The exhibition—on view until April 17th—also features a comprehensive survey of the artist’s research including various controlled webs he grew with spiders sourced from different sites (including Hudson Yards) are juxtaposed with sketchbooks and other process material. In How to entangle the universe in a spider/web project, the artist employs infrared lasers to reveal the complex hidden three-dimensionality of webs woven by young versus elder spiders.
Saraceno’s investigation of the racial imbalance that manifests within the frame of climate change is evident in the We Do Not All Breathe the Same Air project. Commissioned by The Shed, the distilled diagrams timestamp and map the air quality of various places throughout the United States in carbon soot printed circle. Beta attenuation mass monitors were used to measure pollution over the course of 24 hours in these locales. The data was then translated into these visualizations. They reveal that Black communities are more prone to these conditions than others. For this investigation, he drew inspiration from science journalist Harriet A. Washington’s extensive writings on the topic. “Though we’ve just experienced one pandemic, another one has been going on for much longer,” the artist explains. “In the United States, approximately one million people have died from COVID-19, but five times that amount have passed away due to the long-term effect of poor air quality.

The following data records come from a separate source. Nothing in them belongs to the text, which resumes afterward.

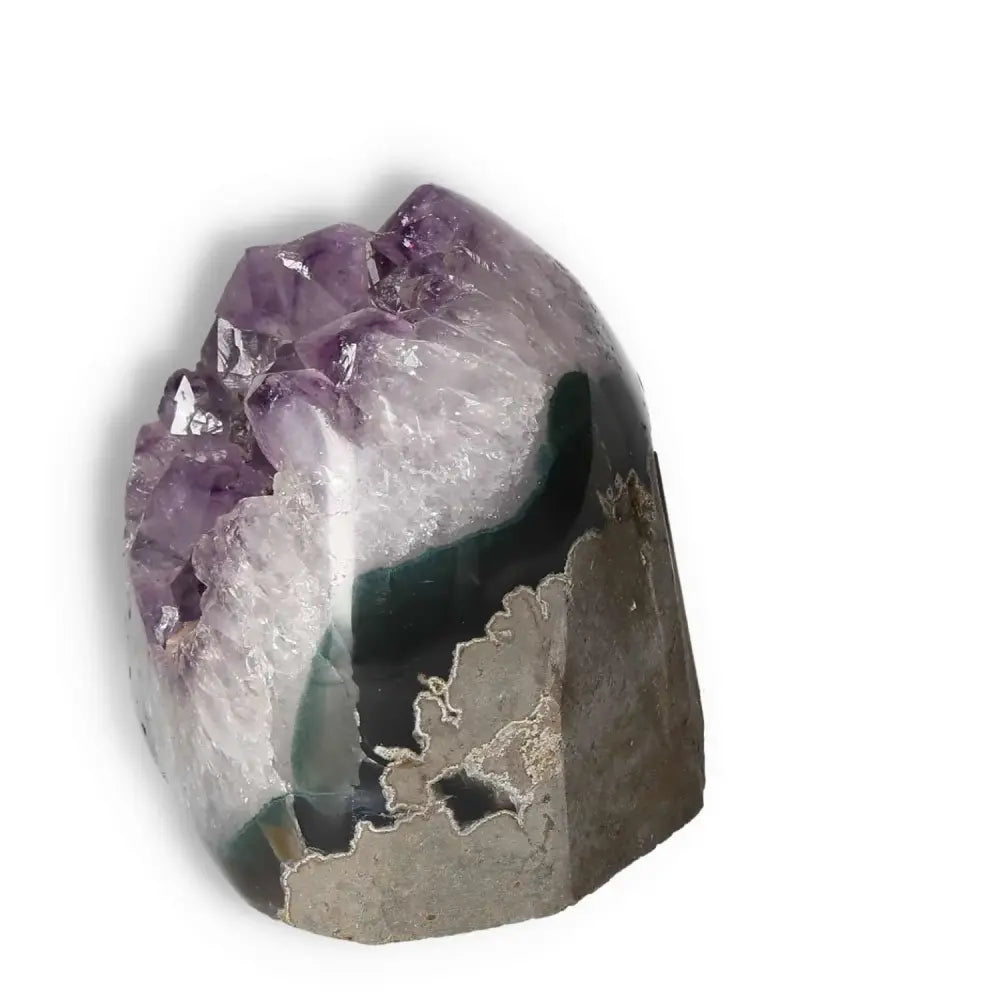 Amethyst cut base geode from Sylvia Crystals, showcasing exquisite handpicked quality for stress reduction and energy enhancement.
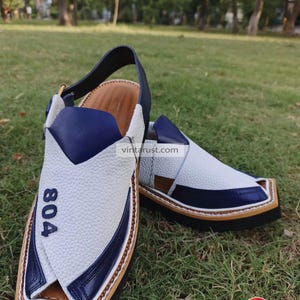 Pu&ograve; includere: Sandali in pelle bianca con dettagli blu e suola marrone. I sandali hanno una punta a punta e un cinturino che va intorno alla caviglia. I sandali hanno il numero "804" scritto su di loro.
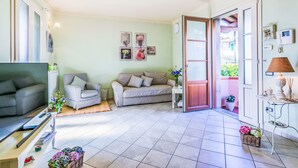 A living room with a grey sofa, a checkered armchair, a small table with a lamp, and a TV on a stand. - Apartment Saida by Interhome (Castiglioncello)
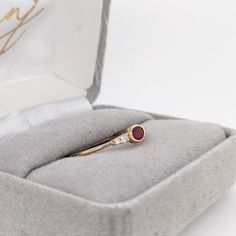 A dainty east west ring is perfect for the minimalist in your life or for giving someone their first piece of jewelry :) This ruby presents a mixture of red hues which is perfectly accentuated by two diamonds on each side. The slim yellow gold shank provides a lightweight, effortless look! This ring is made with solid 14K Gold and natural Earth mined SI / G-H diamonds. As listed, this ring is ready to ship. If you're interested in purchasing this setting with a different center stone please mess Minimalist 14k Gold Red Ruby Ring, Dainty Oval Red Ruby Ring, Minimalist Red Oval Rings, Red 14k Gold Dainty Birthstone Ring, Minimalist Red Birthstone Ring In 14k Gold, Dainty Red Birthstone Ring In 14k Gold, Minimalist Oval Ruby Ring For Anniversary, Dainty Oval Ruby Ring In Rose Gold, Minimalist Oval Ruby Wedding Ring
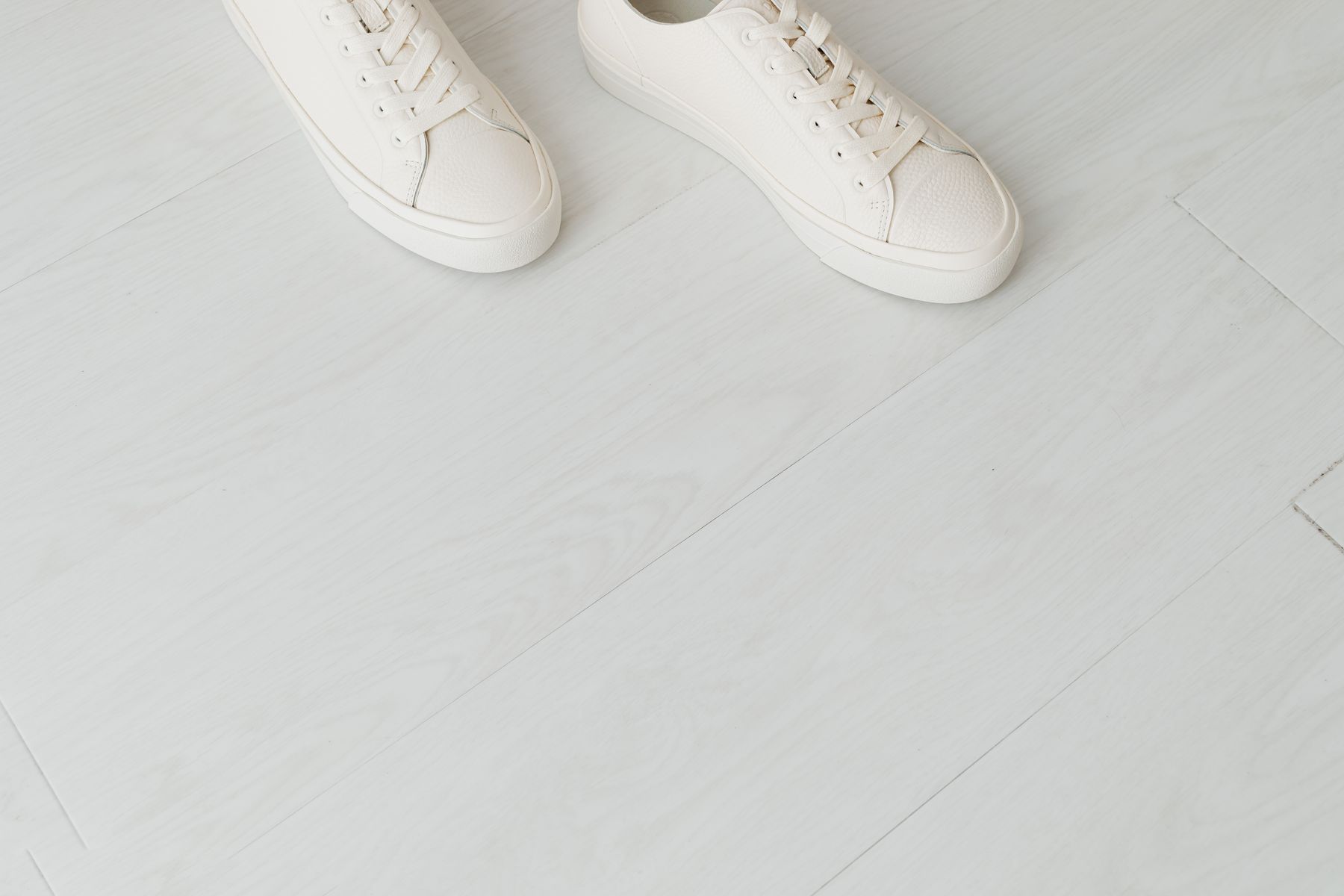 Minimal white sneakers resting on a light wood floor
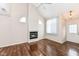 Living room with hardwood floors, fireplace, and vaulted ceiling at 5921 Bastille Ln, Indianapolis, IN 46254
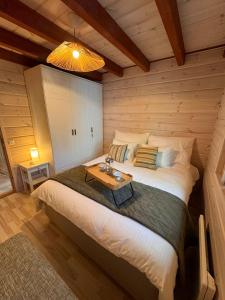 a bedroom with a large bed in a wooden room at Chalet Zen Imatra Lake Villa in Imatra
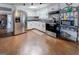 Functional kitchen featuring white cabinets and stainless steel appliances at 10174 Twin Oaks Sw Dr, Covington, GA 30014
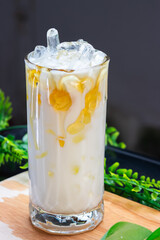 Chilled coconut milk drink with sweet corn and syrup drizzle, served with ice in a clear glass on a wooden surface and green background.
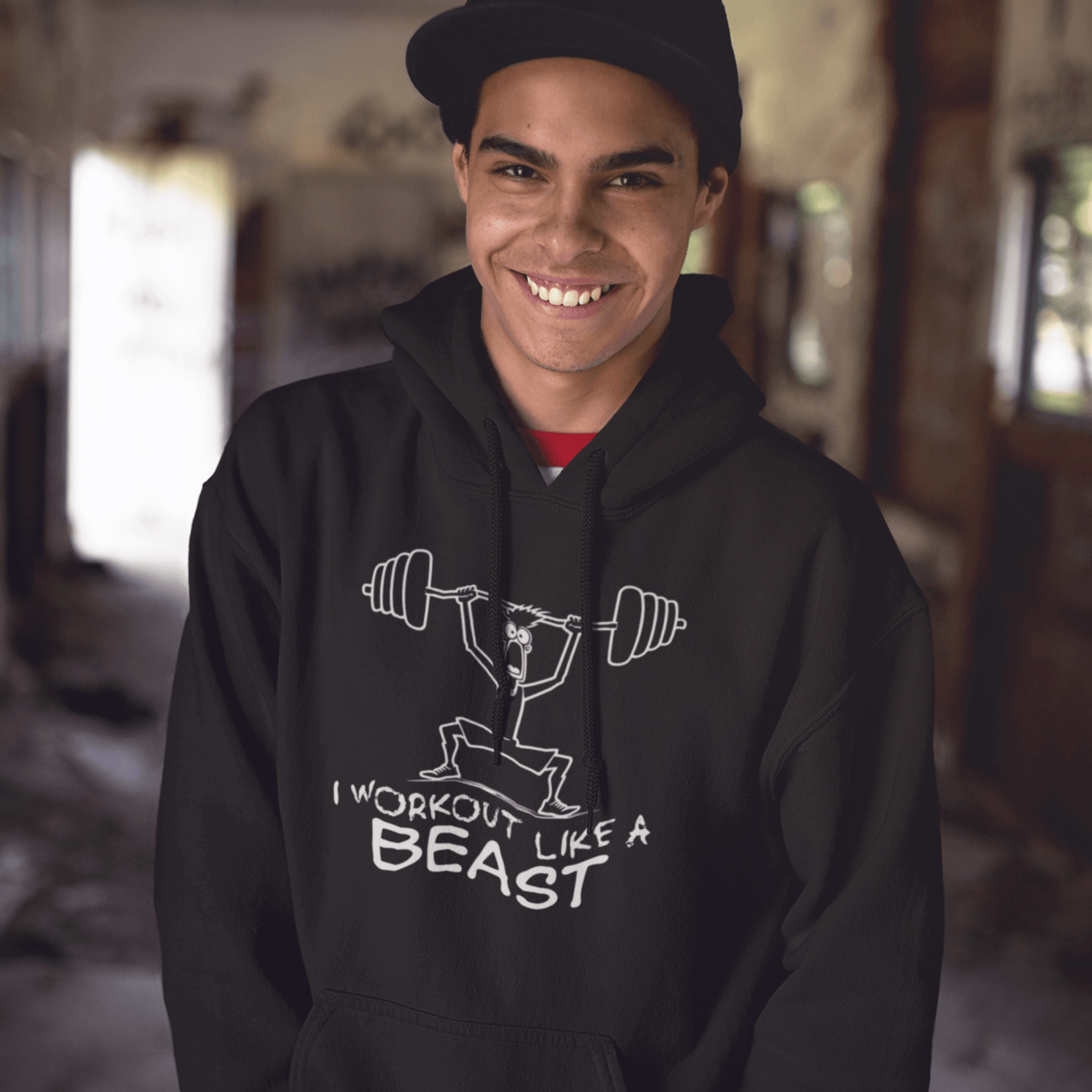 Model wearing black hoodie featuring weightlifter illustration and “I Workout Like a Beast” typography, unisex fitness streetwear by LostLogicCo Canada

Topping out the exhibit is a reconstruction of Saraceno’s community-generated Aerocene initiative. Pieces of discarded fabric were stitched together to create a large balloon that uses no form of power other than air. The surface of the inflated form is intended to serve as both an impromptu curatorial platform and billboard freely disseminating important information. Adjoining the reconstitution is a tool kit outlining how any group of people could envision their own iteration.
“What’s crazy to me is that all of the issues I’ve been exploring for the past 20 years—air quality and temperature, climate change, etc.—have become even more relevant in just the past two years alone,” Saraceno concludes. “All of my work ultimately deals with the idea that we’re living through the Capitalocene, not the Anthropocene, because it’s the capitalist doctrine that has caused the destruction. We need to rethink how will counteract the worst effects.”